:: Work item ::
In the entries that follow, the line with "דירות סיקוליאנה Perla" opens the range and the line with "thumbnail image 4" closes it; repeat that range exactly, both lines included.

⟨

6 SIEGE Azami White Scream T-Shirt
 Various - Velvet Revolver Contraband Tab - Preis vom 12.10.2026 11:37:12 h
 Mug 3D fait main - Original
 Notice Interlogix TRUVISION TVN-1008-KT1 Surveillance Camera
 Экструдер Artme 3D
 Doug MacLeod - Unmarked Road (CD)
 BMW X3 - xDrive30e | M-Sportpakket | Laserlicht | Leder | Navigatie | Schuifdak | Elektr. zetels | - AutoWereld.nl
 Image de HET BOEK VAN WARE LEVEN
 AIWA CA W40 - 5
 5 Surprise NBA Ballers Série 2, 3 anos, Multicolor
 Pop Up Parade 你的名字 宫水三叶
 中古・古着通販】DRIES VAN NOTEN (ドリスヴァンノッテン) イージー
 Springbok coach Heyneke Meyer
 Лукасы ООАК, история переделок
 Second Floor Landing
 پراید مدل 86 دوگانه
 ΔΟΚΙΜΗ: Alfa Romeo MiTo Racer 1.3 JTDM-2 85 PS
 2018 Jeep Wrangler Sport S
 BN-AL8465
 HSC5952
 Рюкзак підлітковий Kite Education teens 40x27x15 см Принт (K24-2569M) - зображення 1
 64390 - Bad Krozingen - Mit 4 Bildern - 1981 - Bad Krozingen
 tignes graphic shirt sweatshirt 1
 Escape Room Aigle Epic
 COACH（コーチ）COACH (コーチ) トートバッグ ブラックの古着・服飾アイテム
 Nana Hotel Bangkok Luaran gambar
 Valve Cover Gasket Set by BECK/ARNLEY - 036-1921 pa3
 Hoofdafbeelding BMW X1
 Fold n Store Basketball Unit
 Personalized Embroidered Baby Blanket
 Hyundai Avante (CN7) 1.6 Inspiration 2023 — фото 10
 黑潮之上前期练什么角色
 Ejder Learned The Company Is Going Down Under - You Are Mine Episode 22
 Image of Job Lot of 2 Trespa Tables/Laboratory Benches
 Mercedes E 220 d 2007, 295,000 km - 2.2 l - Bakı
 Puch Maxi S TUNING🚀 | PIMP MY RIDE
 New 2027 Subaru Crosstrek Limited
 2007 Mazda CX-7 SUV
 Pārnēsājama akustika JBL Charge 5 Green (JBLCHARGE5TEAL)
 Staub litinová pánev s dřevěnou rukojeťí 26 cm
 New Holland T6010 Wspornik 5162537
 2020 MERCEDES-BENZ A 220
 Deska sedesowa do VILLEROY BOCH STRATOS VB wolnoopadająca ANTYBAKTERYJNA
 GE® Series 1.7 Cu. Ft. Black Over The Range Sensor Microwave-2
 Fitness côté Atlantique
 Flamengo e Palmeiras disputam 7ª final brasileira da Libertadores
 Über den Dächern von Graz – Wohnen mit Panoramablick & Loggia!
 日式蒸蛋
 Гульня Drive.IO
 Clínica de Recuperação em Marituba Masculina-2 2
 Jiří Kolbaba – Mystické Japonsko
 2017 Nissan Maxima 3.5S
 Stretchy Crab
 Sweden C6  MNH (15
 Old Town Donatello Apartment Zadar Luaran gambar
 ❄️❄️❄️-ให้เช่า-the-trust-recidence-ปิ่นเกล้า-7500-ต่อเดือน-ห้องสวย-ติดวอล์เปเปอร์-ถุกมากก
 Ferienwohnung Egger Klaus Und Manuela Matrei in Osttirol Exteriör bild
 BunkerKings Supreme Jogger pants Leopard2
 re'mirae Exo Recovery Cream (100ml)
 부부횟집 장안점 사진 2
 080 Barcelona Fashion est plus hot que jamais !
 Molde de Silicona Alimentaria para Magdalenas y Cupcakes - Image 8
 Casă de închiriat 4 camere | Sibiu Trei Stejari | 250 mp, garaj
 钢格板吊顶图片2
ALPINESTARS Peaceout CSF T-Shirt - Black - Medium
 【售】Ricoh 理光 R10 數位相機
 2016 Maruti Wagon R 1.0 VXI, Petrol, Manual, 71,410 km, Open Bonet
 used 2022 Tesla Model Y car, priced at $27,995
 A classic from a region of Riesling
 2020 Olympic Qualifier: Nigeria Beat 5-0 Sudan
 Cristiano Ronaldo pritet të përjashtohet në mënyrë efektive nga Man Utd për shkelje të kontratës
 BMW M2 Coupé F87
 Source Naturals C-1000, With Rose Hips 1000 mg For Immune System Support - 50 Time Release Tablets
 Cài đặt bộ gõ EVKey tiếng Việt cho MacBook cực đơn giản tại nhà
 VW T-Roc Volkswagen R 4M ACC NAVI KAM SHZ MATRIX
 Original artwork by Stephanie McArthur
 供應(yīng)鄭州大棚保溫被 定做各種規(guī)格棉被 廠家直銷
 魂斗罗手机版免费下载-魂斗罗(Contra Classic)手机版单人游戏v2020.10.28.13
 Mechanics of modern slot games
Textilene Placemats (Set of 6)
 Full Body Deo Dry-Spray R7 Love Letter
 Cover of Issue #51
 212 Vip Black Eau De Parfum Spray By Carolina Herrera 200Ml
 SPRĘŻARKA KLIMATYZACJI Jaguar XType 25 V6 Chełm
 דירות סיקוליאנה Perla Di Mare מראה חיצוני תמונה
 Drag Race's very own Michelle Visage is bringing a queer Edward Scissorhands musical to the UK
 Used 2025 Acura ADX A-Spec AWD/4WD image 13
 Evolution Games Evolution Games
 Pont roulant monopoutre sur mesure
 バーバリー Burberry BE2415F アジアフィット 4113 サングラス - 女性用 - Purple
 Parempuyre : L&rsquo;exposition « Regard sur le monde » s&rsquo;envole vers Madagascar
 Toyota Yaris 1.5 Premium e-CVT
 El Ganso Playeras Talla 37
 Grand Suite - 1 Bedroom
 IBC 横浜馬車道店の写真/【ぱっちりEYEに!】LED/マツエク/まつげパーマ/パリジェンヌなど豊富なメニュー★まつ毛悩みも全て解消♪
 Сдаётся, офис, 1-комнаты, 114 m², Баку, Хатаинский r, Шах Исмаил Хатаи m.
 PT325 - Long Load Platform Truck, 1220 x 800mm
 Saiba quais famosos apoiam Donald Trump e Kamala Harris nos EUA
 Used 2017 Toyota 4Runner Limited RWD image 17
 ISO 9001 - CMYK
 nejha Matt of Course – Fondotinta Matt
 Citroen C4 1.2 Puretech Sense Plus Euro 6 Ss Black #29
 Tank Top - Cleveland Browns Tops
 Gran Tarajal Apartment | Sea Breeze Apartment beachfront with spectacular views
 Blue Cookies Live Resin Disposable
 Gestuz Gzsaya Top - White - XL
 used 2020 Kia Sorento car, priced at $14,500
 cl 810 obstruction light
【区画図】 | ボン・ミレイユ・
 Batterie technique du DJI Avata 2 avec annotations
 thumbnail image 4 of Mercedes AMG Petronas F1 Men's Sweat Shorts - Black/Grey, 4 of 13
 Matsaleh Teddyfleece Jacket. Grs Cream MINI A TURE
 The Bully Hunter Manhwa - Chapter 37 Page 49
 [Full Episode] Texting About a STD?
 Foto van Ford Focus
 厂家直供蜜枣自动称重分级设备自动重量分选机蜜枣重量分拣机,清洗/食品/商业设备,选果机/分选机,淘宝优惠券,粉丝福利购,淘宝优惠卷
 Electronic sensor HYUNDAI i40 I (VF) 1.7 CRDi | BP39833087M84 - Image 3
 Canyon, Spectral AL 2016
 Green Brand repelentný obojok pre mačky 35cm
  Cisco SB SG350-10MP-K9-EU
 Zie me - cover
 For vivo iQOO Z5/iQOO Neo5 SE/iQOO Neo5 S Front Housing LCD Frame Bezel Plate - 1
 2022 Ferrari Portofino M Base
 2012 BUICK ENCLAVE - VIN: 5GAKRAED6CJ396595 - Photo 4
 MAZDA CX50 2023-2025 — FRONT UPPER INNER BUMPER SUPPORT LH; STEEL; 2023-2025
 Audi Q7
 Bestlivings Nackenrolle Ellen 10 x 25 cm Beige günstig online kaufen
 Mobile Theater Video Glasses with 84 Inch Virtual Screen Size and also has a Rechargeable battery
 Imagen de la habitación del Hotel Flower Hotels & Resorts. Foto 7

⟩

:: Written solution ::
 דירות סיקוליאנה Perla Di Mare מראה חיצוני תמונה
 Drag Race's very own Michelle Visage is bringing a queer Edward Scissorhands musical to the UK
 Used 2025 Acura ADX A-Spec AWD/4WD image 13
 Evolution Games Evolution Games
 Pont roulant monopoutre sur mesure
 バーバリー Burberry BE2415F アジアフィット 4113 サングラス - 女性用 - Purple
 Parempuyre : L&rsquo;exposition « Regard sur le monde » s&rsquo;envole vers Madagascar
 Toyota Yaris 1.5 Premium e-CVT
 El Ganso Playeras Talla 37
 Grand Suite - 1 Bedroom
 IBC 横浜馬車道店の写真/【ぱっちりEYEに!】LED/マツエク/まつげパーマ/パリジェンヌなど豊富なメニュー★まつ毛悩みも全て解消♪
 Сдаётся, офис, 1-комнаты, 114 m², Баку, Хатаинский r, Шах Исмаил Хатаи m.
 PT325 - Long Load Platform Truck, 1220 x 800mm
 Saiba quais famosos apoiam Donald Trump e Kamala Harris nos EUA
 Used 2017 Toyota 4Runner Limited RWD image 17
 ISO 9001 - CMYK
 nejha Matt of Course – Fondotinta Matt
 Citroen C4 1.2 Puretech Sense Plus Euro 6 Ss Black #29
 Tank Top - Cleveland Browns Tops
 Gran Tarajal Apartment | Sea Breeze Apartment beachfront with spectacular views
 Blue Cookies Live Resin Disposable
 Gestuz Gzsaya Top - White - XL
 used 2020 Kia Sorento car, priced at $14,500
 cl 810 obstruction light
【区画図】 | ボン・ミレイユ・
 Batterie technique du DJI Avata 2 avec annotations
 thumbnail image 4 of Mercedes AMG Petronas F1 Men's Sweat Shorts - Black/Grey, 4 of 13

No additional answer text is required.